Muhammad: The "Banned" Images
- Author: Gary Hull
- Language: English
- Publisher: Voltaire Press
- Publication date: 2009
- Publication place: United States
- ISBN: 978-0-615-32421-0

= Muhammad: The "Banned" Images =

Book by Gary Hull

Muhammad: The "Banned" Images is a 2009 book published in response to the expunging of all images of Muhammad from The Cartoons that Shook the World, a 2009 book about the Jyllands-Posten Muhammad cartoons controversy by Jytte Klausen published by Yale University Press. In August 2009, John Donatich, director of Yale University Press, announced that it would exclude all images of Muhammad from Klausen's book, citing an anonymous panel of experts who claimed that publication of the illustrations "ran a serious risk of instigating violence."

The book was published in November, 2009 by Voltaire Press, a publishing company founded by Duke University Professor Gary Hull for the purpose. Muhammad: The "Banned" Images reproduces 31 images, including all those mentioned in the New York Times article as having been expunged by Yale. According to Hull, the new publication is "a 'picture book' – or errata to the bowdlerized version of Klausen's book."

Michael Schoenfeld, vice president for public affairs and government relations, said Duke University supports the academic freedom of its professors, but that the book is not connected to Duke. "Our faculty have both the right and responsibility to speak out and debate critical issues as individuals and scholars."

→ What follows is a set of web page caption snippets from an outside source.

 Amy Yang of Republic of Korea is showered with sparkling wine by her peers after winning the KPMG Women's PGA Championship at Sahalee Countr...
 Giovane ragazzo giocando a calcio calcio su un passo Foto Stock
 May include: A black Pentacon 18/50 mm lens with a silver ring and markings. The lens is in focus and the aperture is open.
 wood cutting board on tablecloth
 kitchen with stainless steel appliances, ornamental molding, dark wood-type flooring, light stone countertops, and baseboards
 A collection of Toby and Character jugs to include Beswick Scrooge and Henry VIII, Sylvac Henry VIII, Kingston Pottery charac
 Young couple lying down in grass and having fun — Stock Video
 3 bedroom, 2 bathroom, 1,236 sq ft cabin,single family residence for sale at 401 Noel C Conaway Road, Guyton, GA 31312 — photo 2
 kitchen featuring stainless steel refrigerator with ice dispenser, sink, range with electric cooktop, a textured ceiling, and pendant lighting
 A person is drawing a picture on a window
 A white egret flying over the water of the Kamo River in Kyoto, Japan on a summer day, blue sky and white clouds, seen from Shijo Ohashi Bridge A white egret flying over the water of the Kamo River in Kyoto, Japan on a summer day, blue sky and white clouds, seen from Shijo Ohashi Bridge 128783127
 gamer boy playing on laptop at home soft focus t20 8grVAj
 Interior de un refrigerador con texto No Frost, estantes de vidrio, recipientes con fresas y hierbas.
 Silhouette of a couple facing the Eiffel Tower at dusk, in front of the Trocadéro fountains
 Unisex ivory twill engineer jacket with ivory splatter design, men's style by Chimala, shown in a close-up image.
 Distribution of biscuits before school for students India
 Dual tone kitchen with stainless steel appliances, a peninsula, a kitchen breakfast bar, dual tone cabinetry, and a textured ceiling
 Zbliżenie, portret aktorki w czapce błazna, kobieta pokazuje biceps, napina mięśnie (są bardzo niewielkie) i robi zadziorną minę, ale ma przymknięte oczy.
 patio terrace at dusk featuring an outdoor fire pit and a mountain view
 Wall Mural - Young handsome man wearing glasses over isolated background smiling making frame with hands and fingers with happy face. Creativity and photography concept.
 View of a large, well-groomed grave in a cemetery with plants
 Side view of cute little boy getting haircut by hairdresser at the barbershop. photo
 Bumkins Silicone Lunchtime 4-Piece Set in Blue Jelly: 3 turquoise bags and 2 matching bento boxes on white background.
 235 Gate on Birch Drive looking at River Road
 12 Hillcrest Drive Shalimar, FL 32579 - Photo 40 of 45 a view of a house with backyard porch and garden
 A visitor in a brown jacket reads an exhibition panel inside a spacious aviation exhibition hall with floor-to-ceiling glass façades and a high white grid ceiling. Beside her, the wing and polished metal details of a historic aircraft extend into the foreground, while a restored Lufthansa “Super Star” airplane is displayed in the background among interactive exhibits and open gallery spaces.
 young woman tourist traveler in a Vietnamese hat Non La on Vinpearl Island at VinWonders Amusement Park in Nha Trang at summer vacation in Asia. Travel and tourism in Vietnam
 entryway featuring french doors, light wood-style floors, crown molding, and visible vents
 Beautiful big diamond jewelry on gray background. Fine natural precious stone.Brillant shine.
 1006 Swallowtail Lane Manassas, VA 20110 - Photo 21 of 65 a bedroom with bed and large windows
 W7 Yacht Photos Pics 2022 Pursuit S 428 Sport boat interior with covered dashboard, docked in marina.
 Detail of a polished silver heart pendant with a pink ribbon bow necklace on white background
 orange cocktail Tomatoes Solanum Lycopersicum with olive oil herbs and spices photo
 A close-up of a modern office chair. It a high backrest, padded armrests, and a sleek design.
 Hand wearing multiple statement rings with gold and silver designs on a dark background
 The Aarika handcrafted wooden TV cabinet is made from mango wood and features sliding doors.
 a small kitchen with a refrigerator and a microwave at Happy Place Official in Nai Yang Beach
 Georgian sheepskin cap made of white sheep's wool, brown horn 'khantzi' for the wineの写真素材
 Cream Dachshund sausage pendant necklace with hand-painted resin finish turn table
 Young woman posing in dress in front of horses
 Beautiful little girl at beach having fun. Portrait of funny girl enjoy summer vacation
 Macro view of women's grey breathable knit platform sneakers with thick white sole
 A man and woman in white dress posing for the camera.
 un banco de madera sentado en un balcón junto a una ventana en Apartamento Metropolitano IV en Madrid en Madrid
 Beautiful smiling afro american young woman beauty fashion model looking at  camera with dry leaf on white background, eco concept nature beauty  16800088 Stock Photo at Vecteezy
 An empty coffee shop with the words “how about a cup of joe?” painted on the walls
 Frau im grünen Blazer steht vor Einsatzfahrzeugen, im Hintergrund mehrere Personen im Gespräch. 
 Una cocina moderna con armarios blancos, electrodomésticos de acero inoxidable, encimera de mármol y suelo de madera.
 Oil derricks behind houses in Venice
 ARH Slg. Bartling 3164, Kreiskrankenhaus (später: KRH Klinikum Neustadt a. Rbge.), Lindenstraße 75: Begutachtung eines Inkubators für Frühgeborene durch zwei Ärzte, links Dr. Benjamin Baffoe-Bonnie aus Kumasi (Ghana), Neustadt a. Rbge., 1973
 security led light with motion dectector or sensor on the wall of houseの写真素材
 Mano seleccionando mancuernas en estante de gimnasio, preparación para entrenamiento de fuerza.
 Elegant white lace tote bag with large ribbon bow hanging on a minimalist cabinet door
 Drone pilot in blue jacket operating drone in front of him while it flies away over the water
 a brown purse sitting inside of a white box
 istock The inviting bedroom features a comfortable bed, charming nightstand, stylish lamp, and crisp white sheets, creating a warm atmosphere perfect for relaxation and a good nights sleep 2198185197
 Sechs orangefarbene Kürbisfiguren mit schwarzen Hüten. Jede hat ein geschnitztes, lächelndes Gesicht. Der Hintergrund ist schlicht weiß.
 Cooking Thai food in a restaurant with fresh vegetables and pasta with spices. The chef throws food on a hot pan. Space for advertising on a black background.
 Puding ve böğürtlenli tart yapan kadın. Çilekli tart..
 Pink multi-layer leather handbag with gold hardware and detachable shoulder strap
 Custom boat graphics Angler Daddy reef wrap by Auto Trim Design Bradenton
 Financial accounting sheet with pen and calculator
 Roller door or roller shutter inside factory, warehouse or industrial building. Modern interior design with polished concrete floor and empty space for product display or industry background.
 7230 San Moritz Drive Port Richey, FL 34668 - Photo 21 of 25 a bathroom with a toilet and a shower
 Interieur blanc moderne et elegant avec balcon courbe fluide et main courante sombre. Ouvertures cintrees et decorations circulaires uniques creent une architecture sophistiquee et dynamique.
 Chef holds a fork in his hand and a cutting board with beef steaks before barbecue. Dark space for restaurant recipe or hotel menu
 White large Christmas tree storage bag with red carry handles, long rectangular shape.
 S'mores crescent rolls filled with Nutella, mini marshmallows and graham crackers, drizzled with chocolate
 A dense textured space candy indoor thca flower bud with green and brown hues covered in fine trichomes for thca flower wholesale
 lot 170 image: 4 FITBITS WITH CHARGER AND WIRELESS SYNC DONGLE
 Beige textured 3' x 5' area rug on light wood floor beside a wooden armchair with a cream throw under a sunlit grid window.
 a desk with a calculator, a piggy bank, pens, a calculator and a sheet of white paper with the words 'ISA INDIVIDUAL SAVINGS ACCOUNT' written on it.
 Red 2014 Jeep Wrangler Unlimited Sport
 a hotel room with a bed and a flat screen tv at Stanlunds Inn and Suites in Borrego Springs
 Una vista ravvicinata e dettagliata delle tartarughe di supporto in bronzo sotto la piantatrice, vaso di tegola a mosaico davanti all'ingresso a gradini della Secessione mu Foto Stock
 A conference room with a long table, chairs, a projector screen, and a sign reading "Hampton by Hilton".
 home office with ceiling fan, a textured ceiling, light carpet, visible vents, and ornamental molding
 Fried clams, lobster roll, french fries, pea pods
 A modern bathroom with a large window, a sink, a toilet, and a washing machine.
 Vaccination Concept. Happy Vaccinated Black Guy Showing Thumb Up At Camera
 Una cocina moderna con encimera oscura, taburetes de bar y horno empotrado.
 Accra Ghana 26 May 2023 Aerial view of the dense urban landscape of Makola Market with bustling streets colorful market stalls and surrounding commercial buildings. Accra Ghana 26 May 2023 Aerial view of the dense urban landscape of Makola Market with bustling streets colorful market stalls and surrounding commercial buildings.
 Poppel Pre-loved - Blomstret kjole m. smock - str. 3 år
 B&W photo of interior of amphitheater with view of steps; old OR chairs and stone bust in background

The book includes a Statement of Principle with prominent signatories, which states in part:

The failure to stand up for free expression emboldens those who would attack and undermine it. It is time for colleges and universities in particular to exercise moral and intellectual leadership. It is incumbent on those responsible for the education of the next generation of leaders to stand up for certain basic principles: that the free exchange of ideas is essential to liberal democracy; that each person is entitled to hold and express his or her own views without fear of bodily harm; and that the suppression of ideas is a form of repression used by authoritarian regimes around the world to control and dehumanize their citizens and squelch opposition.